Ken Johnson, spokesman for the House Energy and Commerce Committee, said the panel's chairman, Rep. Billy Tauzin, R-La., would sign the four subpoenas Tuesday night.
Subpoenas are going to Andersen CEO Joseph Berardino, fired auditor David Duncan, attorney Nancy Temple and risk manager Michael Odom.
Duncan was dismissed by Andersen last week for his role in the extensive destruction of Enron-related documents after federal regulators began investigating possible irregularities in the failed energy company's accounting.
Through his lawyers, he has asked for a delay in his testimony to review documents and prepare for the congressional hearing. Duncan already has talked to committee investigators.

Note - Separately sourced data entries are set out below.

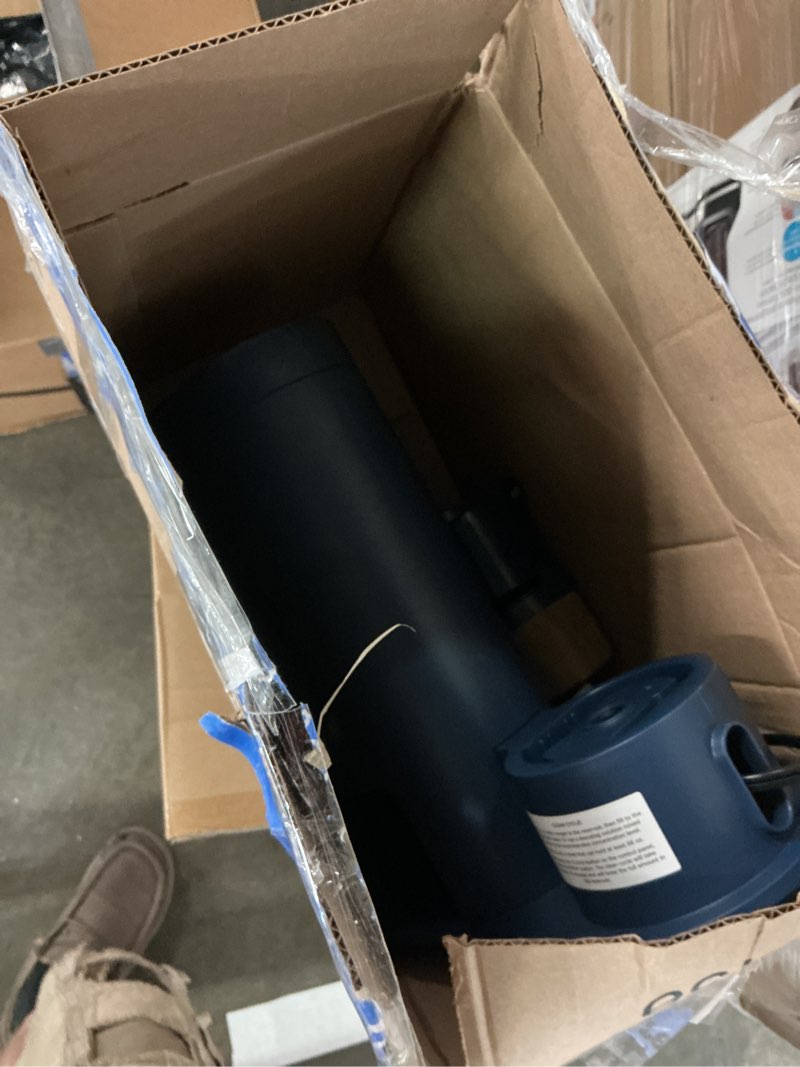 Condition photo showing As Is for ninja pods & grounds single-serve coffee maker, k-cup pod compatible, 56-oz. reservoir, 6-oz. cup to 24-oz. travel mug brew sizes, iced coffee maker, navy, pb041nv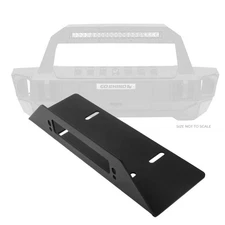 Go Rhino Black Winch Rockline Bumper Fairlead Mount Plate for Wrangler 332000T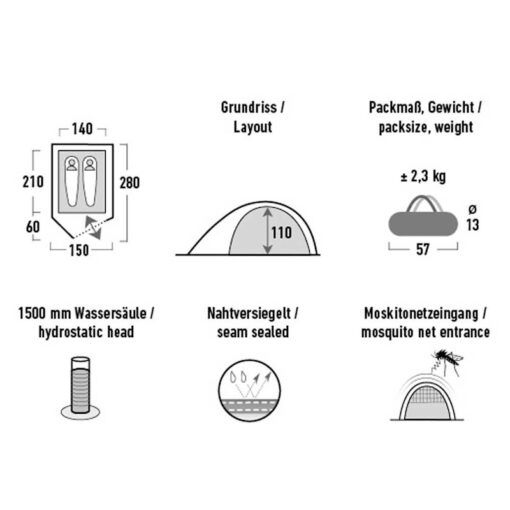 High Peak - Tenda Kiruna 2 - immagine 6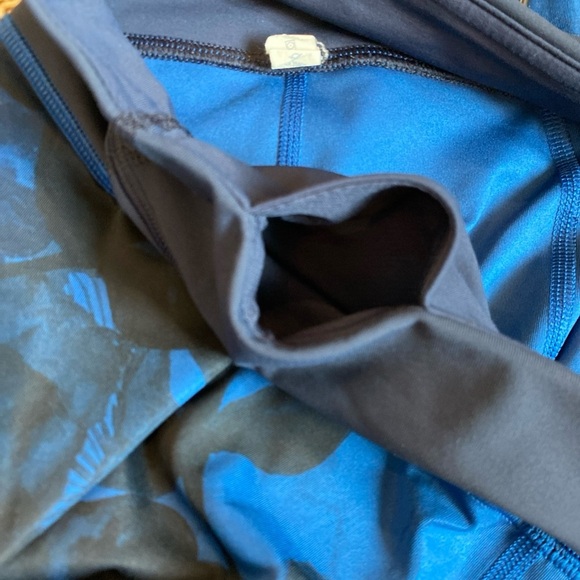 Lululemon Wunder Under Full On Leggings Crop Womens Size 4 Blue Black - Picture 6 of 7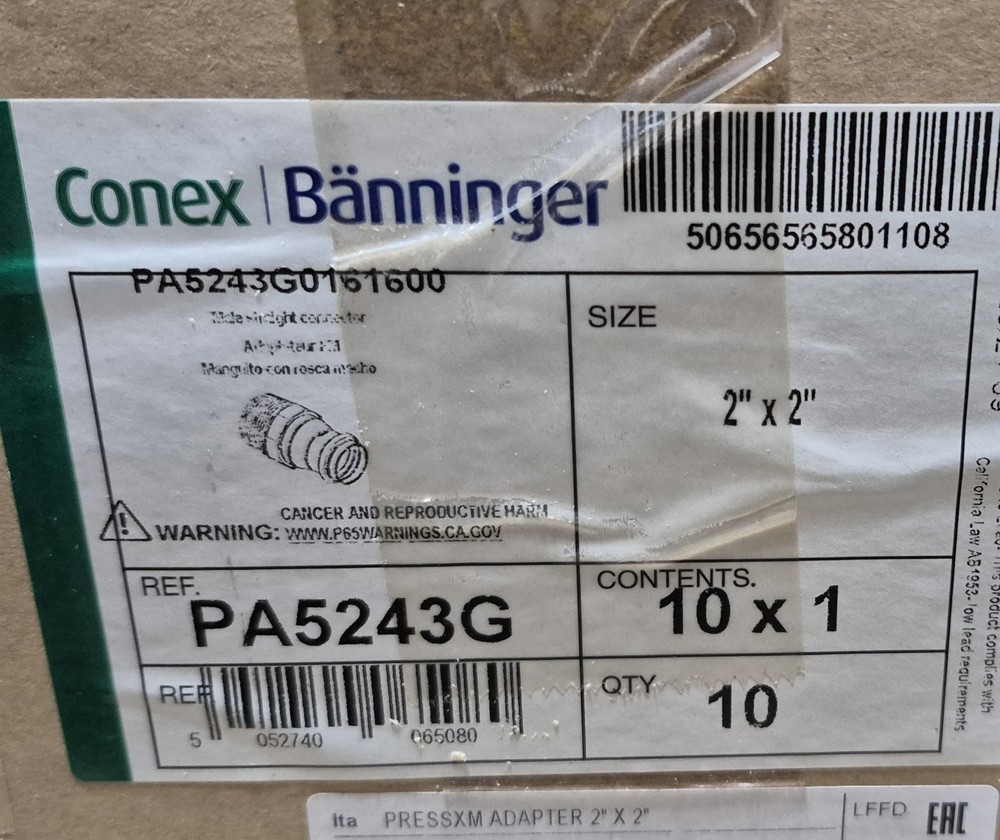 Press Connection Fittings, 2" Press x NPT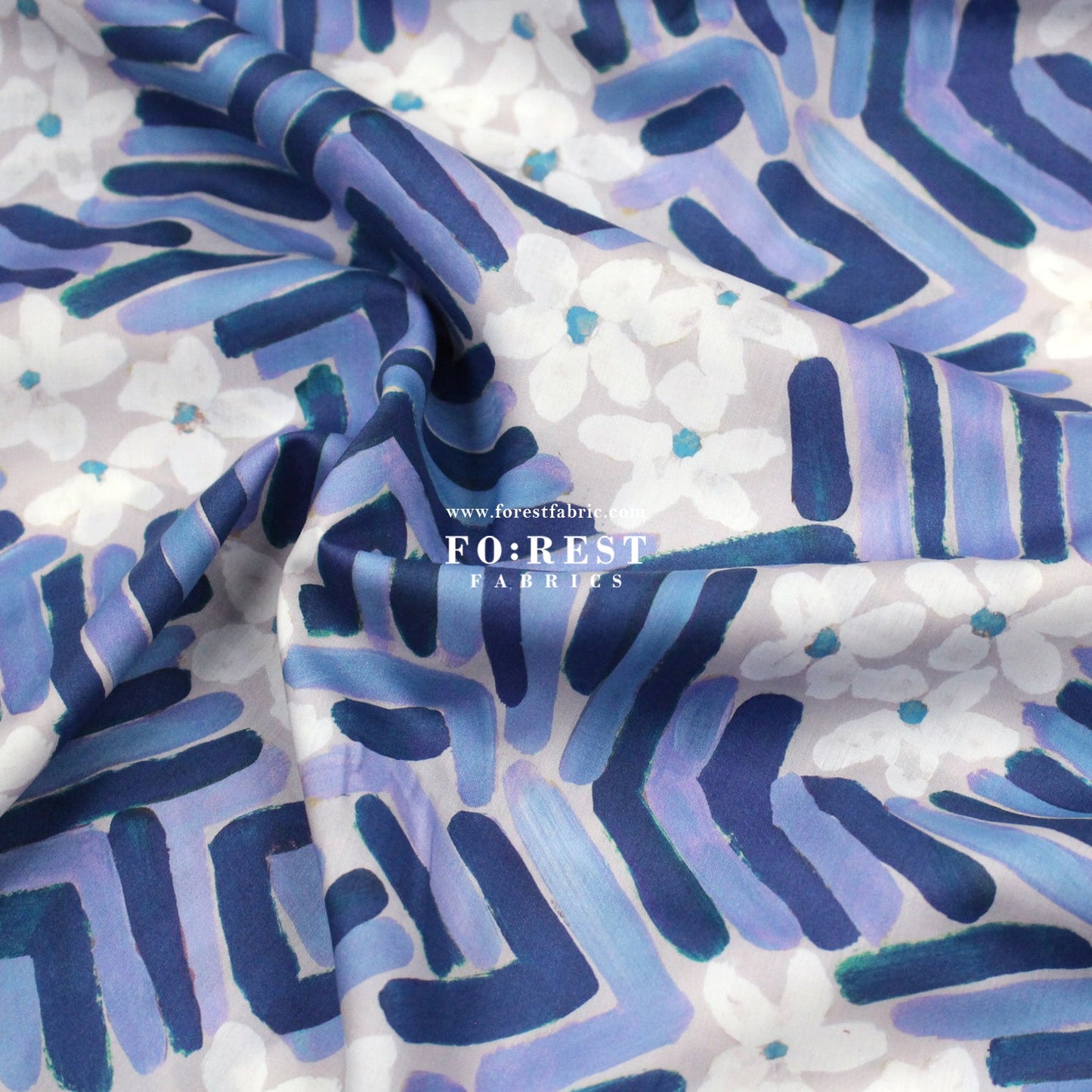 Liberty of London (Cotton Tana Lawn Fabric) - Flower Portrait B - FO:REST Fabric 布恩堂Liberty fabrictana lawnjapanese fabricykk zipper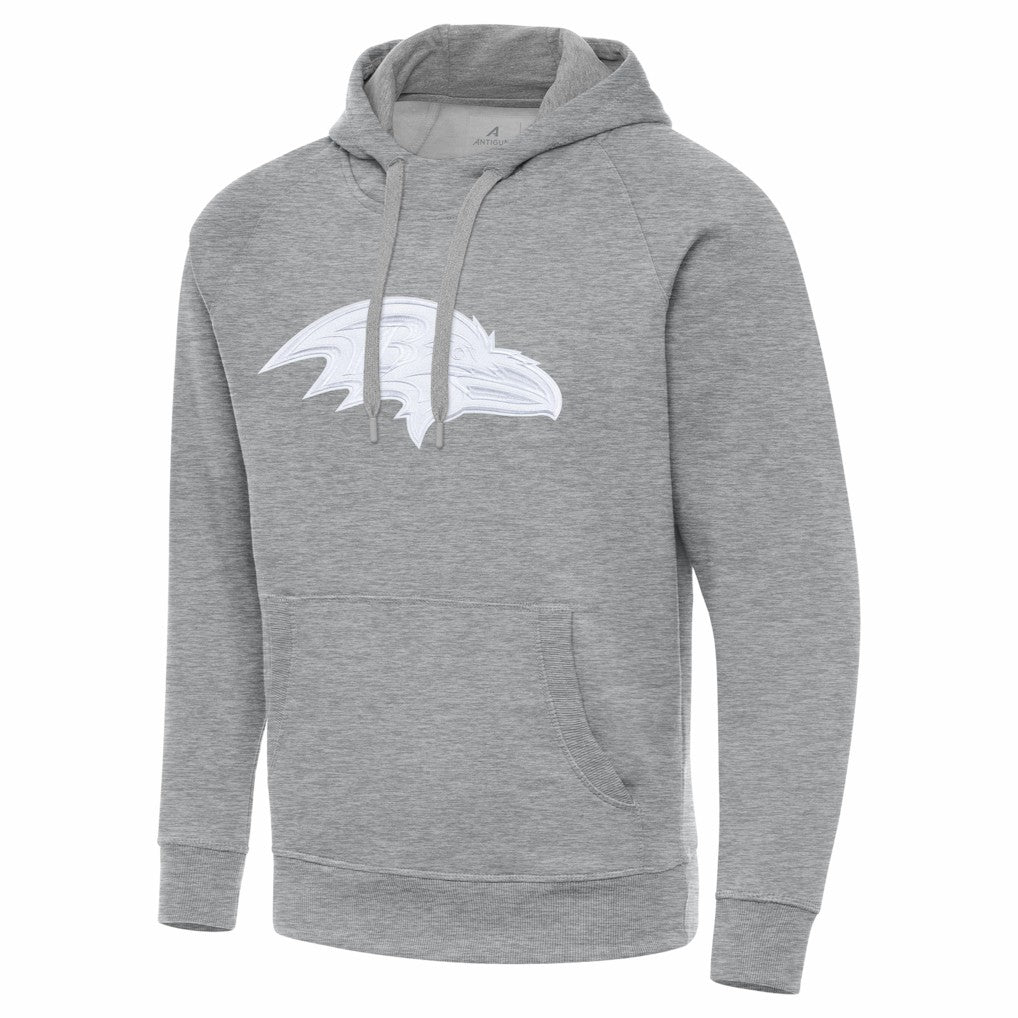 Baltimore Ravens Antigua Victory Pullover Hoodie - Heather Gray on sale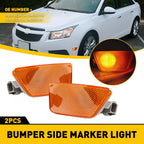 Amber Lens Front Bumper Side Marker Lights for Chevy Cruze (2011–2015)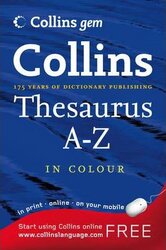 Collins Gem Thesaurus A-Z - фото обкладинки книги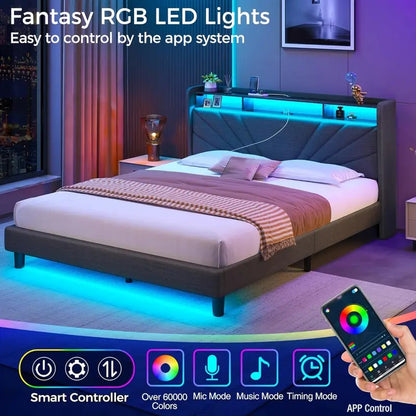 1-40m LED Strip Lights for Room Decoration, APP + 44-Key Remote Music Sync, 5V USB RGB Flexible Tape for TV Backlight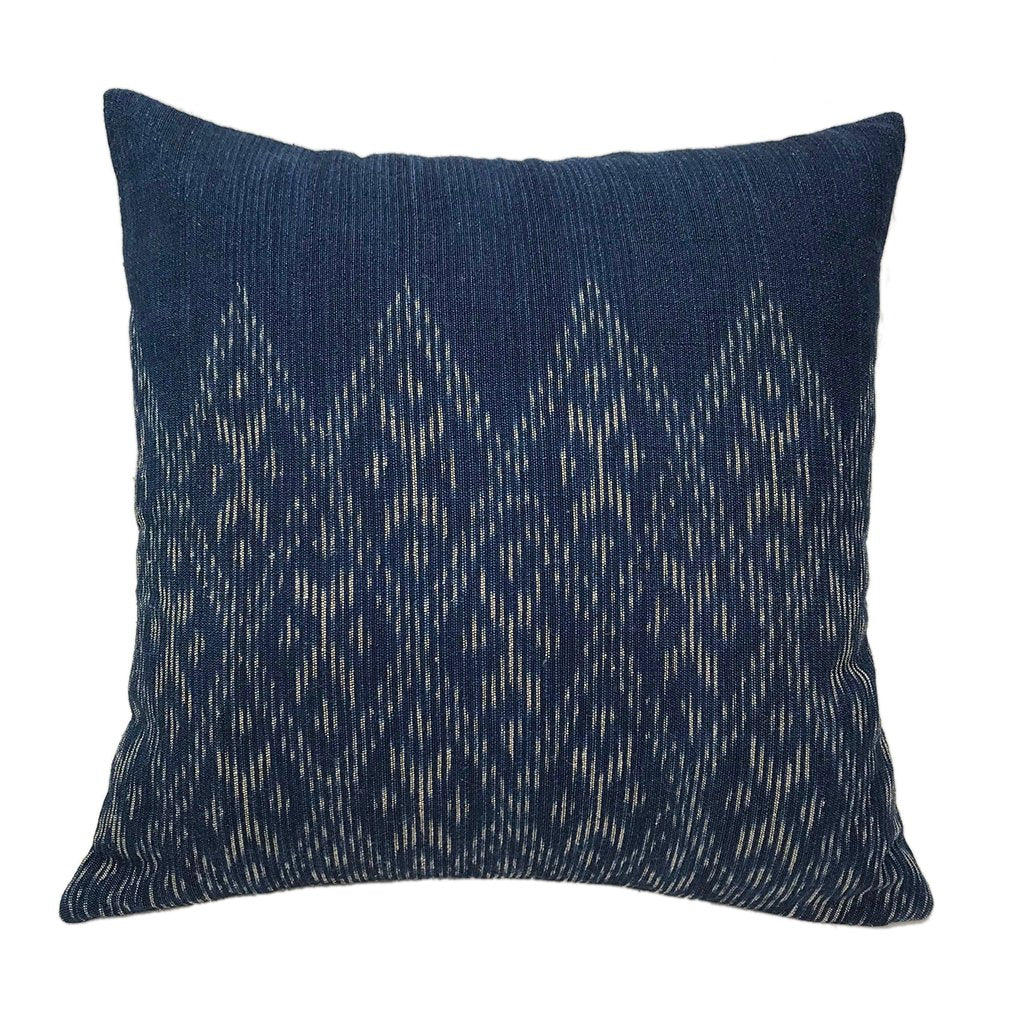 Indigo Diamond Pillow Cover - Lorena Segura Design Lorena Segura Design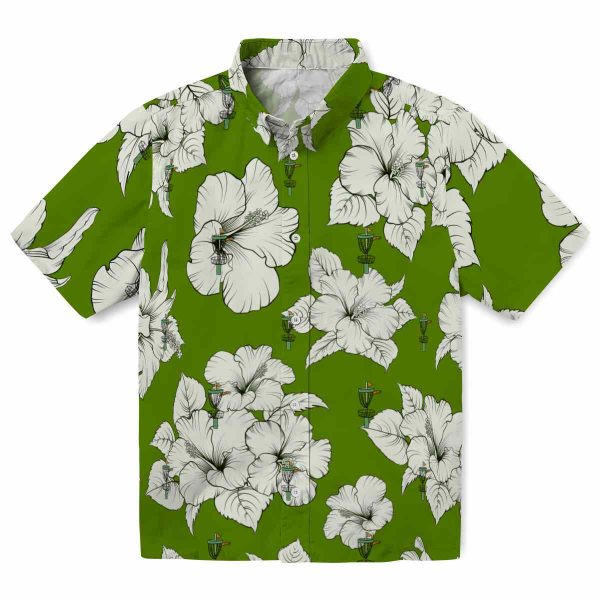 Disc Golf Hibiscus Blooms Hawaiian Shirt Best selling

Robert Giuffra, one of his attorneys, said Tuesday evening that no decision had been made on whether Duncan would testify. "We have not received a subpoena," he said.
Temple and Odom, while expressing willingness to testify, have raised concerns about protecting confidential information relating to the investigation, Johnson said.
He noted that the firm's chairman had been interviewed over the weekend on television.
"Mr. Berardino found the time to brief the American public on Meet the Press on Sunday," Johnson said. "He should be able to find the time to appear at a congressional hearing."
Patrick Dorton, an Andersen spokesman, said, "We have not received a subpoena. We have told the committee that we would testify but the only question is when."
News of the planned subpoenas came as FBI agents and federal prosecutors entered Enron's Houston headquarters to investigate allegations that massive document destruction took place at the company starting after Thanksgiving and continuing until as recently as last week.
The Securities and Exchange Commission started looking into Enron's accounting in mid-October, after the company reported a third-quarter loss of more than $600 million. The SEC's inquiry eventually included demands for financial documents from Enron and Andersen.
Enron entered the largest bankruptcy in U.S. history on Dec. 2.
The Energy and Commerce panel is one of two committees holding Enron hearings on Thursday. The Senate Governmental Affairs Committee is calling officials from the SEC, the Federal Energy Regulatory Commission and the Commodity Futures Trading Commission to determine whether regulators missed signs of trouble at Enron.
In another development Tuesday, Sen. Phil Gramm, one of Congress' biggest recipients of Enron campaign donations, has decided to remove himself from part of the wide-ranging congressional investigations.
Gramm will be absent from hearings focusing on what went wrong at Enron but will take part in more general inquiries into accounting standards, investor protection issues and other matters, spokesman Larry Neal said.
In a sprawling inquiry with both financial and political overtones, 11 House and Senate committees are investigating the Enron debacle, while the Justice Department and the SEC pursue their own less visible probes.
President Bush urged Congress on Tuesday not to be distracted by the Enron investigation.
"I'm confident that all the facts will come out on Enron. And I'm also confident that if Congress has the right attitude, we can get a lot done," Bush said in a pitch for his economic revival plan.
He said his mother-in-law, Jenna Welch, had lost about $8,000 on an investment in Enron stock.
"A lot of the stockholders didn't know all of the facts. And that's wrong," said Bush.
The president has received large political contributions over the years from Enron Chairman Kenneth Lay, who is expected to testify before two congressional committees on Feb. 4.
Bush said Tuesday that officials in his administration had done "the exact right thing" in response to Enron's pleas for help as the company was collapsing last year. Treasury Secretary Paul O'Neill and Commerce Secretary Donald Evans have said they received calls from Lay but took no action.